I can't understand why two bits of code that are meant to do exactly the same thing, do different things in Scala.
First example:
scala> val ggg = Source.fromFile("/somefile");
ggg: scala.io.BufferedSource = non-empty iterator
scala> ggg.getLines();
res67: Iterator[String] = empty iterator
Second example:
scala> Source.fromFile("/somefile").getLines();
res68: Iterator[String] = non-empty iterator
Aren't they meant to do the same thing, or am I missing something?

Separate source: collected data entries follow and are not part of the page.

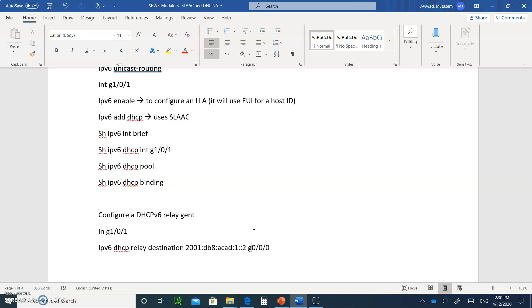All right, so now you know how to configure DHCPv6 — stateful, stateless, and of course SLAAC. Please write all of this down, submit it, and I will see you in the next chapter.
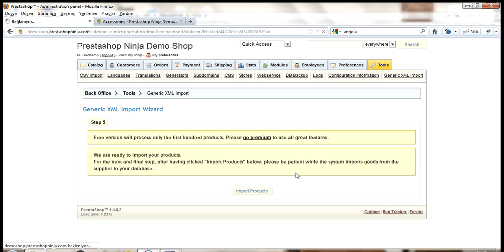And continue with rings. So, those are the categories into which our products will go. And click next.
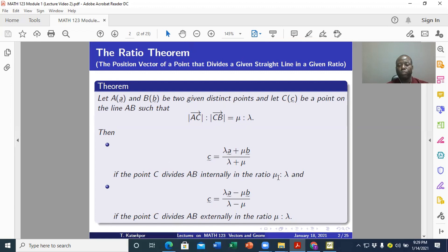For external division, C is given by lambda times the position vector of A minus mu times the position vector of B, divided by lambda minus mu — if C divides AB externally in the ratio mu is to lambda.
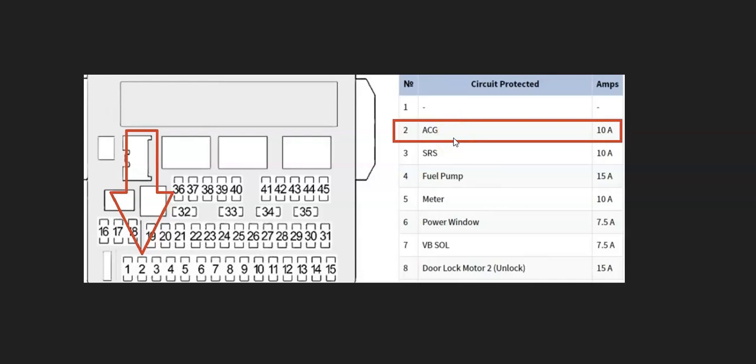Sometimes it can be a little vague on what the fuse is named or where it's located, so you might have to do a little research. For this 2015 Honda CR-V, it's located up underneath the dash and it's fuse number two called ACG. Usually this fuse controls around four or five different things, so if you're getting other problems, check for a blown fuse.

This seems to be a quirk (bug?) with BufferedSource.toString
. Observe:
// no problem
scala> { val x = Source.fromFile("foo.txt"); x.getLines() }
res10: Iterator[String] = non-empty iterator
// ahh, calling toString somehow emptied our iterator
scala> { val x = Source.fromFile("foo.txt"); println(x.toString); x.getLines() }
non-empty iterator
res11: Iterator[String] = empty iterator
To show the value of the expression, the REPL needs to call BufferedSource.toString
, and this has the side effect of emptying the iterator.
Looks like this bug: SI-4662.
Apparently fixed in trunk Changeset 25212, but not in 2.9.1 as far as I can see.
In the bug notes it's mentioned that it probably manifests itself only in the REPL, not in "real" code.